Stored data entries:
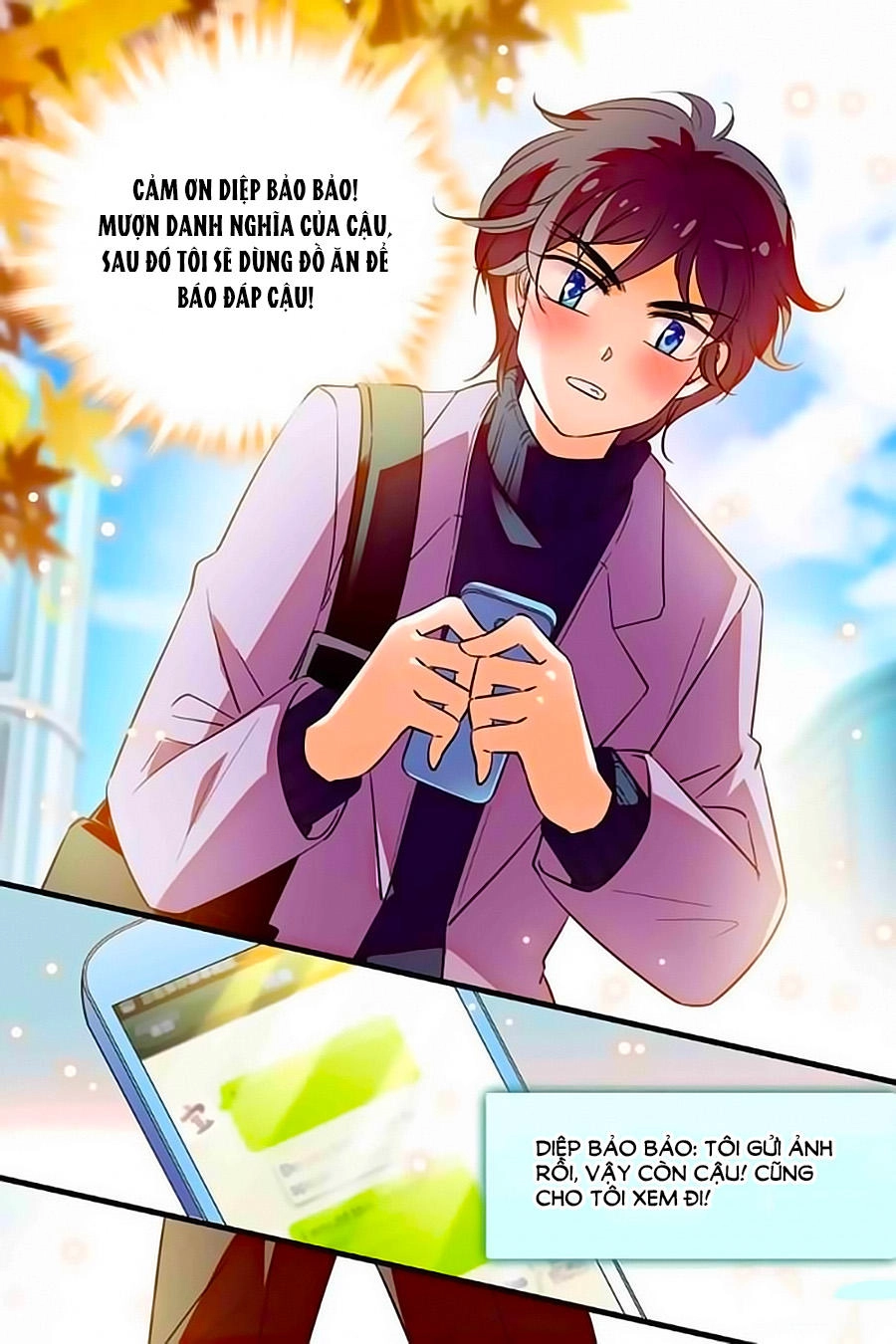 Thanh Ninh Chi Hạ Chapter 244 - 1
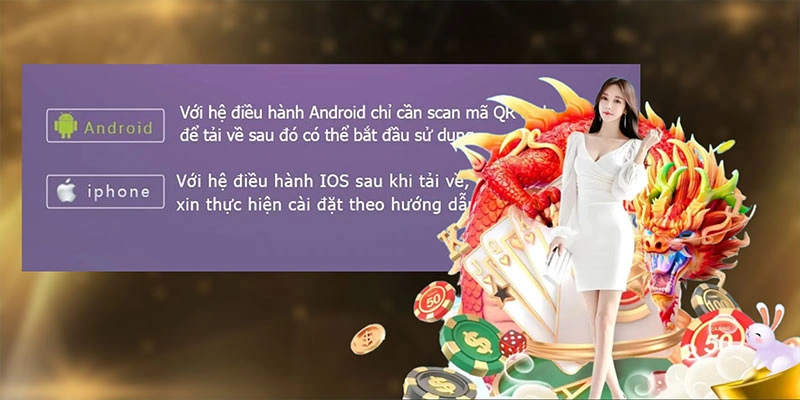 Quy trình tải ứng dụng nhanh chóng, an toàn, hiệu quả Quy trình tải ứng dụng nhanh chóng, an toàn, hiệu quả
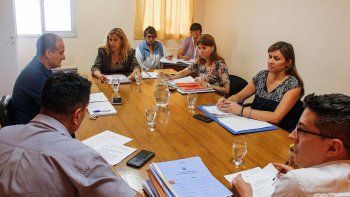 tras la polemica, discutiran la adhesion a la ley micaela tras la polemica, discutiran la adhesion a la ley micaela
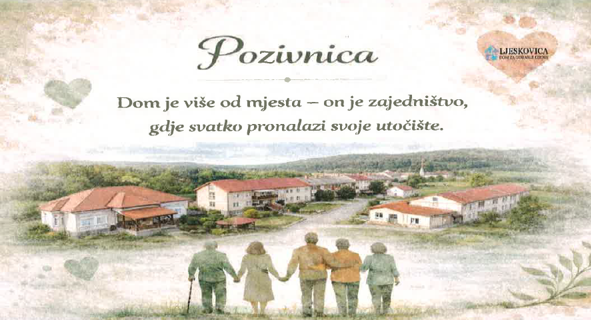 Pozivnica - Dan obitelji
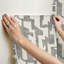 Papier peint tribal moderne-88906989-124392544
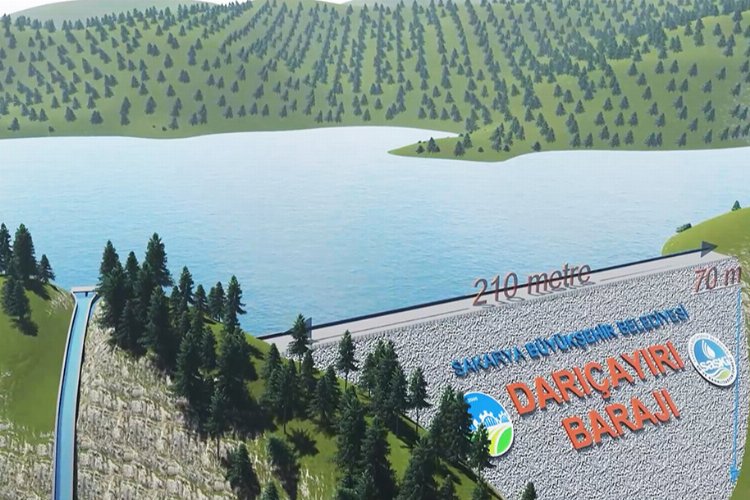 Sakarya Darıçayırı ile ilgili önemli bir adım daha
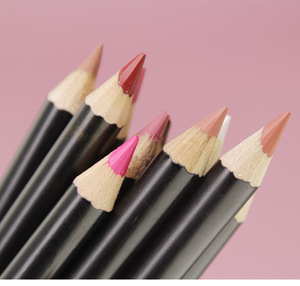 Private Label Long Lasting Cosmetics Lipliner Pencil Kissproof Lip Liner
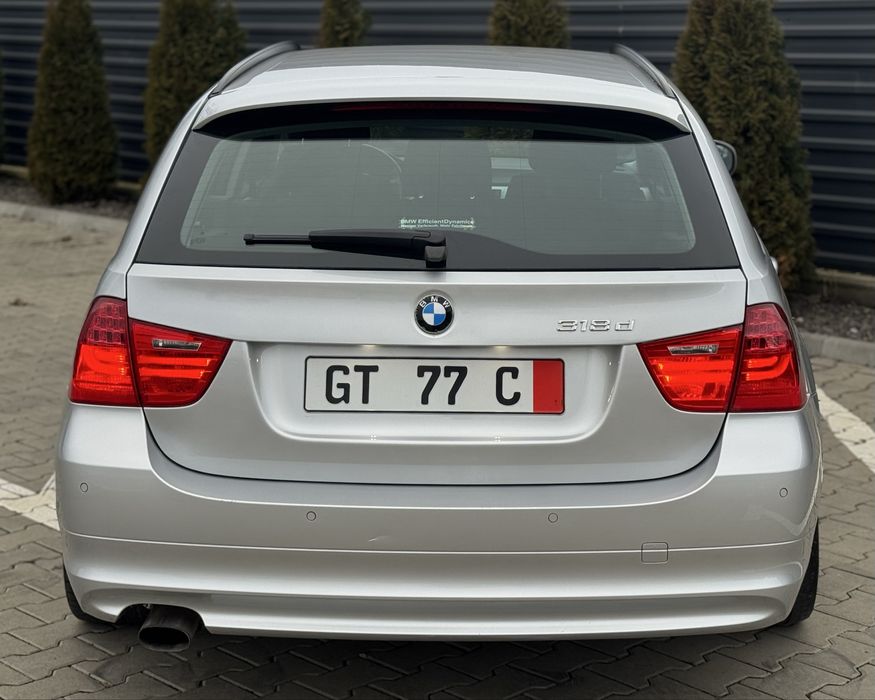 BMW seria 3 320 318 Diesel E91 Facelift Euro5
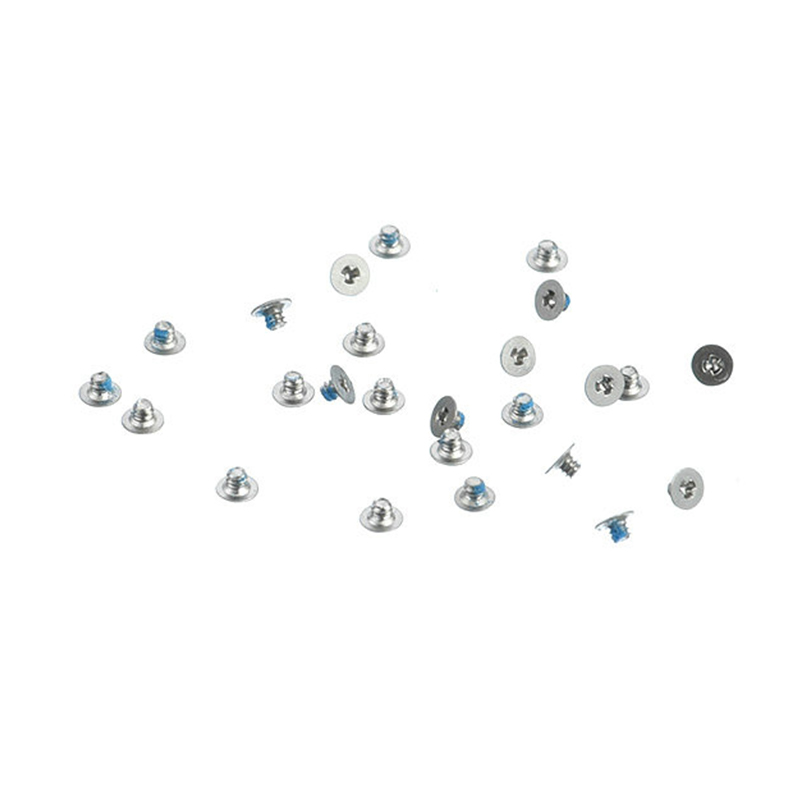 Microparafuso travado com rosca em forma de Y de cabeça plana M1.2X1.6 Microparafuso travado com rosca em forma de Y de cabeça plana M1.2X1.6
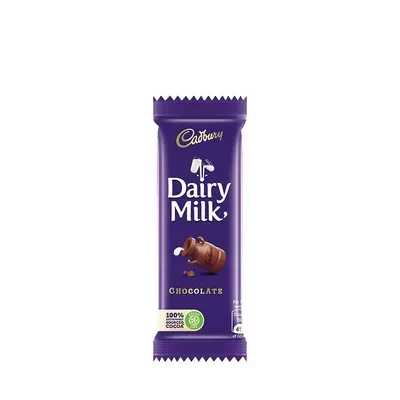Cadbury Dairy Milk Chocolate 24 gm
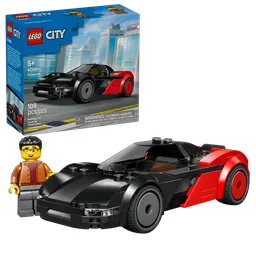 LEGO EV Supercar (60486) - afbeelding 1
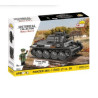 modellino cobi klocki panzer 38(t)/(ckd) lt vz.38 1/28 multicolore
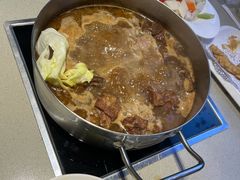-蝎王府羊蝎子(虎坊桥总店)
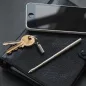   True Utility Telepen, TU246K, teleszkópos kialakítás, szálcsiszolt rozsdamentes acél test, alumínium ház, 3 tollbetét, mágneses 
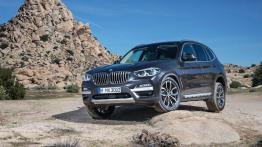 BMW X3 G01 SUV 2.0 25d 211KM 155kW 2018-2019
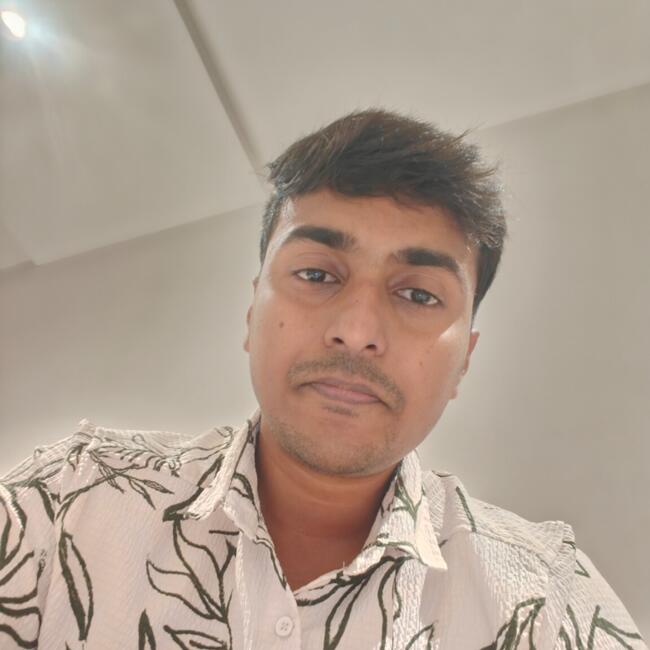 Babysitting job in Bengaluru: Dinesh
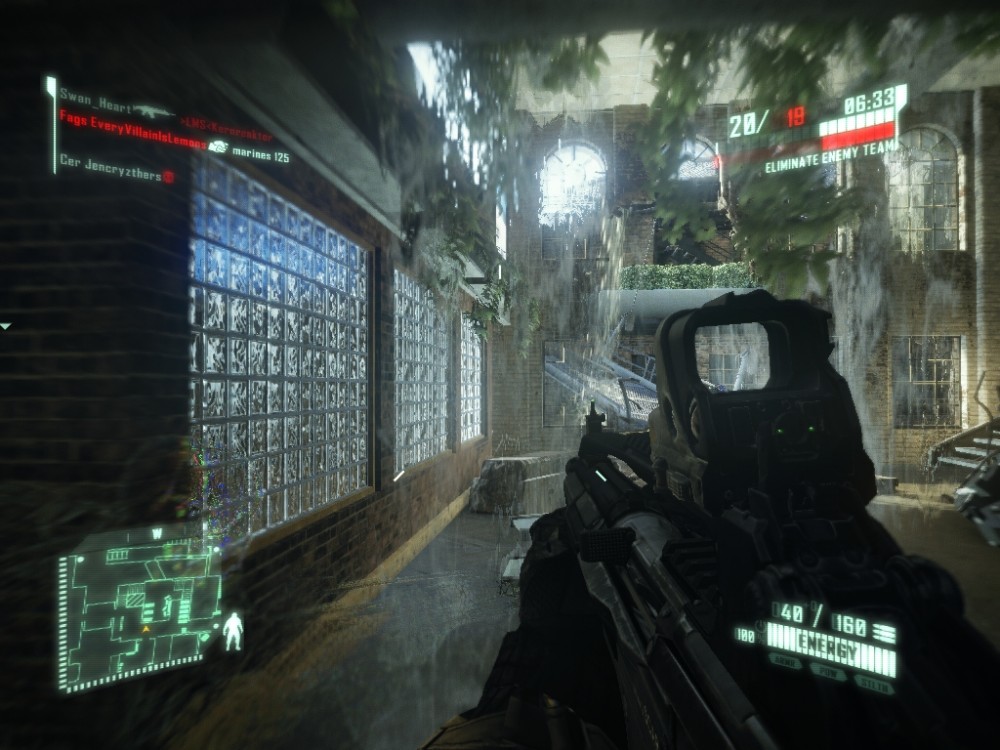 Crysis 2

Work to complete
Repeat the entries exactly. Any picture is to be left out.

Task output
 Thanh Ninh Chi Hạ Chapter 244 - 1
 Quy trình tải ứng dụng nhanh chóng, an toàn, hiệu quả Quy trình tải ứng dụng nhanh chóng, an toàn, hiệu quả
 tras la polemica, discutiran la adhesion a la ley micaela tras la polemica, discutiran la adhesion a la ley micaela
 Pozivnica - Dan obitelji
 Papier peint tribal moderne-88906989-124392544
 Sakarya Darıçayırı ile ilgili önemli bir adım daha
 Private Label Long Lasting Cosmetics Lipliner Pencil Kissproof Lip Liner
 BMW seria 3 320 318 Diesel E91 Facelift Euro5
 Microparafuso travado com rosca em forma de Y de cabeça plana M1.2X1.6 Microparafuso travado com rosca em forma de Y de cabeça plana M1.2X1.6
Cadbury Dairy Milk Chocolate 24 gm
 LEGO EV Supercar (60486) - afbeelding 1
 modellino cobi klocki panzer 38(t)/(ckd) lt vz.38 1/28 multicolore
-蝎王府羊蝎子(虎坊桥总店)
   True Utility Telepen, TU246K, teleszkópos kialakítás, szálcsiszolt rozsdamentes acél test, alumínium ház, 3 tollbetét, mágneses 
 BMW X3 G01 SUV 2.0 25d 211KM 155kW 2018-2019
 Babysitting job in Bengaluru: Dinesh
 Crysis 2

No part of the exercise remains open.